**PROBLEM TO WORK ON**
Every line from the one containing "Cranberries, the - No Need To Argue" to the one containing "Courage Phone Case" in the records below, both included, must be set down exactly, and no other line.

**DATASET**
**********

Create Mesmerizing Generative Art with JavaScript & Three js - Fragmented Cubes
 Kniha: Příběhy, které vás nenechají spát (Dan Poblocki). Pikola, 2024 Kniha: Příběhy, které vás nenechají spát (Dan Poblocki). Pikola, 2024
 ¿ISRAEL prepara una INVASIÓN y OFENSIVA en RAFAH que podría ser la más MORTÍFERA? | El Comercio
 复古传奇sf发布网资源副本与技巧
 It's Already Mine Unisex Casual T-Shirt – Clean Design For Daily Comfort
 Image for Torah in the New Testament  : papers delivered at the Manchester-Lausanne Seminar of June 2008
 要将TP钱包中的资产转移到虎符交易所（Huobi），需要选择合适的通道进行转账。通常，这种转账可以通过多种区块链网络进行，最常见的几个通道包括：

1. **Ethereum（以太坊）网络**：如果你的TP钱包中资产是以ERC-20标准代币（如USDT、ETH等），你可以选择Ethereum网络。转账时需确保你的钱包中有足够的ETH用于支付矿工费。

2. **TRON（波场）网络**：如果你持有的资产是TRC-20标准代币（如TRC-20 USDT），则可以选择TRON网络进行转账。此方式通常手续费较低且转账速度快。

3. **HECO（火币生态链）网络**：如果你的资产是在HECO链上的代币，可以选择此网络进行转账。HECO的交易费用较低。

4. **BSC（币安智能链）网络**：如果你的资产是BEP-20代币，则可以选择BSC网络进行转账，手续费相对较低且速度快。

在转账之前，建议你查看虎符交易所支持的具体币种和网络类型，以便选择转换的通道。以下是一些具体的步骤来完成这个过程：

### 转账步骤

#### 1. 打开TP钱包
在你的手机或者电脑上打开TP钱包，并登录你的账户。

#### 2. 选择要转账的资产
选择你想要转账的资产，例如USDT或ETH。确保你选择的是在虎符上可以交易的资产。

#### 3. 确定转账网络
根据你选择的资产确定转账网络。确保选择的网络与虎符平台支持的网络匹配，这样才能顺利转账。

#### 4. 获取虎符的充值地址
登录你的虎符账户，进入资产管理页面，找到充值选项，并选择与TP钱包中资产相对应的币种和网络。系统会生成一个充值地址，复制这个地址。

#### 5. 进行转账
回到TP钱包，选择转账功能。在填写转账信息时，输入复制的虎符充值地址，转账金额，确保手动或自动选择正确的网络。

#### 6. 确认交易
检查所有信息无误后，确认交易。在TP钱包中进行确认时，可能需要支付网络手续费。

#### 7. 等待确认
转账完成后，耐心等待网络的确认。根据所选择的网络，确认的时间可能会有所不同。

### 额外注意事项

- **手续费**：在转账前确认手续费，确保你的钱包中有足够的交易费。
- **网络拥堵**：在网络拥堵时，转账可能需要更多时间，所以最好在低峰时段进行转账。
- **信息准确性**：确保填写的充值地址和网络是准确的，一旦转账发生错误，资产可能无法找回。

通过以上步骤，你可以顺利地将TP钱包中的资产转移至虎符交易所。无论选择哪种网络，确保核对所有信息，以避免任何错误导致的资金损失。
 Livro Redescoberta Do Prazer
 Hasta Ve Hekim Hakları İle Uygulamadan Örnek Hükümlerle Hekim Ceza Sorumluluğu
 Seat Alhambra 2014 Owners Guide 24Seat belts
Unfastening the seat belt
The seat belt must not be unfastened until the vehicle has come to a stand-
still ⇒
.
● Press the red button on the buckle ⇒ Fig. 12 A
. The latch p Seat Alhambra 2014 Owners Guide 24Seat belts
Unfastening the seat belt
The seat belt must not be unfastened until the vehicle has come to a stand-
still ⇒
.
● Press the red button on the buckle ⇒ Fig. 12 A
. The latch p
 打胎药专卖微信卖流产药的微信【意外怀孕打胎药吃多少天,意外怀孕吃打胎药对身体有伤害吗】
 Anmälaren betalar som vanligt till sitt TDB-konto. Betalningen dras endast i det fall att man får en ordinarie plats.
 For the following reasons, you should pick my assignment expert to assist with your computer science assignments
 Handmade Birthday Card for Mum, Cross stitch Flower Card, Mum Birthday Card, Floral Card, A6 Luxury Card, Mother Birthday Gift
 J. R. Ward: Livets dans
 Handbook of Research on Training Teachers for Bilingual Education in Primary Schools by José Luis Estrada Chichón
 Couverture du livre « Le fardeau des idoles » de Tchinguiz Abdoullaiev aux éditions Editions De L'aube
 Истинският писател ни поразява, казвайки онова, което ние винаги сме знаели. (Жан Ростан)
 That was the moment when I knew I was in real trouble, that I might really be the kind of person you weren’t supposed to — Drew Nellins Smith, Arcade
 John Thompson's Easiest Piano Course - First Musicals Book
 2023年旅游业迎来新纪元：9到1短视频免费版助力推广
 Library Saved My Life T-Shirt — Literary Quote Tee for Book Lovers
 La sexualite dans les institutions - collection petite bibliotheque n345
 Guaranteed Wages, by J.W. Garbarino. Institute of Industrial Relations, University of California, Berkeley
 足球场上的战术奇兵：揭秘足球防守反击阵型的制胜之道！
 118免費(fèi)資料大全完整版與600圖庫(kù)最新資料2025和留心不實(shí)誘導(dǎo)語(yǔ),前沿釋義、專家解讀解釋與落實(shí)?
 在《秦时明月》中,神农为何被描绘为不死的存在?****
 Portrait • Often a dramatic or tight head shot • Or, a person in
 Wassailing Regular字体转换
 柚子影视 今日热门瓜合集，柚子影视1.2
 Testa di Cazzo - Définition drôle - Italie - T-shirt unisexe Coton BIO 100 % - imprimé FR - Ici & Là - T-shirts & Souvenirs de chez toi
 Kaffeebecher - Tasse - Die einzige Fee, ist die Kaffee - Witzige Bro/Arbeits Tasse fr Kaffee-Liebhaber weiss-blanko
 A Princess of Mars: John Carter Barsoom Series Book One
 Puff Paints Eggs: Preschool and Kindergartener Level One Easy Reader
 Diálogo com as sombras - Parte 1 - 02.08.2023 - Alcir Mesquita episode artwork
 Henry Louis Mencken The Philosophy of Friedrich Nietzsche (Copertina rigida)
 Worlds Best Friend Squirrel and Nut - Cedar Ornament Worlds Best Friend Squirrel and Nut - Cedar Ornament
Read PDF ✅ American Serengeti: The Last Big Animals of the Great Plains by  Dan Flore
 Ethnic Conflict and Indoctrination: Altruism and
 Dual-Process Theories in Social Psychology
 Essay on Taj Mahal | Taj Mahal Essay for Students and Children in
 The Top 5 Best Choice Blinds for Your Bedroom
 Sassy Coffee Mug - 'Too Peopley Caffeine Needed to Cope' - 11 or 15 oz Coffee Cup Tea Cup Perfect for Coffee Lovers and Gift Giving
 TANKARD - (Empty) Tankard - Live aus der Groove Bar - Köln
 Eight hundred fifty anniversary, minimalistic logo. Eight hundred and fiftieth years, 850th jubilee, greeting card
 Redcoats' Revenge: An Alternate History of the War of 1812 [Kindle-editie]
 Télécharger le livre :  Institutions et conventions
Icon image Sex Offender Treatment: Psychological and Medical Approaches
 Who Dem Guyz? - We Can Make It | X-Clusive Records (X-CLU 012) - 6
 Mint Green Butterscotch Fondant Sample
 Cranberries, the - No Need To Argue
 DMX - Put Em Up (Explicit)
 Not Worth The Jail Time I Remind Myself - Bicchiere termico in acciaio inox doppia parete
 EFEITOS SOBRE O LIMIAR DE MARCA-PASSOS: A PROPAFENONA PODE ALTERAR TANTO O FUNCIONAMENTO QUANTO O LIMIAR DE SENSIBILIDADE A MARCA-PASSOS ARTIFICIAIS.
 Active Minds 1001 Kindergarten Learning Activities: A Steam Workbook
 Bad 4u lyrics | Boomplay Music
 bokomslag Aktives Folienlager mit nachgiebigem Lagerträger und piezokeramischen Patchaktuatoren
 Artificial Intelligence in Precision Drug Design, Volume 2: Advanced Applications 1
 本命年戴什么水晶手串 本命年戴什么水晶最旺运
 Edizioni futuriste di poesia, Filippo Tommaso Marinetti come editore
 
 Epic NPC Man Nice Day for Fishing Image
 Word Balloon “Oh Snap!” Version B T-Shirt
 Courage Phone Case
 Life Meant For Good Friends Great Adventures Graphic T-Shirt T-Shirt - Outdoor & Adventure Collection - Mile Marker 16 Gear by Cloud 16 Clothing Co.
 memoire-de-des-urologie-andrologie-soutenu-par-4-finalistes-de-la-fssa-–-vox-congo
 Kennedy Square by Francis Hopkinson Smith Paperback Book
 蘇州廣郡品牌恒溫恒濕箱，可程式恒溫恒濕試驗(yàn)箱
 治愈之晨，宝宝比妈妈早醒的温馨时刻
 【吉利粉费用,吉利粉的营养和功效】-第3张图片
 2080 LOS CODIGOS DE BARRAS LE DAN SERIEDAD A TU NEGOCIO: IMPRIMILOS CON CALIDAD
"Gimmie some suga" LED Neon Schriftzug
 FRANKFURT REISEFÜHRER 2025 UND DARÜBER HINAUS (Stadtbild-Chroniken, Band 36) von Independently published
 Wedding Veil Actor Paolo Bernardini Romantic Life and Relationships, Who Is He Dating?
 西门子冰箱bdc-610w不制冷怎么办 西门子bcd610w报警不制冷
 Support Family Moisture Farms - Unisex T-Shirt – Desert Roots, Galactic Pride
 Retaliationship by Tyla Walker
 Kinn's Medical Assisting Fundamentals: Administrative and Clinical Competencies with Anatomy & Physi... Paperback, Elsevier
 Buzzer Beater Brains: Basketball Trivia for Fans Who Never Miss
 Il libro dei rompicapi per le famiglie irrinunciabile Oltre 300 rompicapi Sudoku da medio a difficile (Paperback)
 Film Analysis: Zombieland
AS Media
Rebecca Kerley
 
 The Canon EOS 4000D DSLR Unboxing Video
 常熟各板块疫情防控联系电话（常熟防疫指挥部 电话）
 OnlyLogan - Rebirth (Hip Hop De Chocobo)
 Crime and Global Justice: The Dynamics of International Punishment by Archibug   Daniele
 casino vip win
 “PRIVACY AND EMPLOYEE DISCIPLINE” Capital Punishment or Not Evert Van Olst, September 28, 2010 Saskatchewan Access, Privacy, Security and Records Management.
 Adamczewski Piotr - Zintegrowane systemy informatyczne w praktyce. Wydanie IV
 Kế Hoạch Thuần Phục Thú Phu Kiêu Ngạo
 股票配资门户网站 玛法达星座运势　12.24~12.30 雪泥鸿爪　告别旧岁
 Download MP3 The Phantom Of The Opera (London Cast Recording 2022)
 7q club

**********

**RESPONSE BOX**
 Cranberries, the - No Need To Argue
 DMX - Put Em Up (Explicit)
 Not Worth The Jail Time I Remind Myself - Bicchiere termico in acciaio inox doppia parete
 EFEITOS SOBRE O LIMIAR DE MARCA-PASSOS: A PROPAFENONA PODE ALTERAR TANTO O FUNCIONAMENTO QUANTO O LIMIAR DE SENSIBILIDADE A MARCA-PASSOS ARTIFICIAIS.
 Active Minds 1001 Kindergarten Learning Activities: A Steam Workbook
 Bad 4u lyrics | Boomplay Music
 bokomslag Aktives Folienlager mit nachgiebigem Lagerträger und piezokeramischen Patchaktuatoren
 Artificial Intelligence in Precision Drug Design, Volume 2: Advanced Applications 1
 本命年戴什么水晶手串 本命年戴什么水晶最旺运
 Edizioni futuriste di poesia, Filippo Tommaso Marinetti come editore
 
 Epic NPC Man Nice Day for Fishing Image
 Word Balloon “Oh Snap!” Version B T-Shirt
 Courage Phone Case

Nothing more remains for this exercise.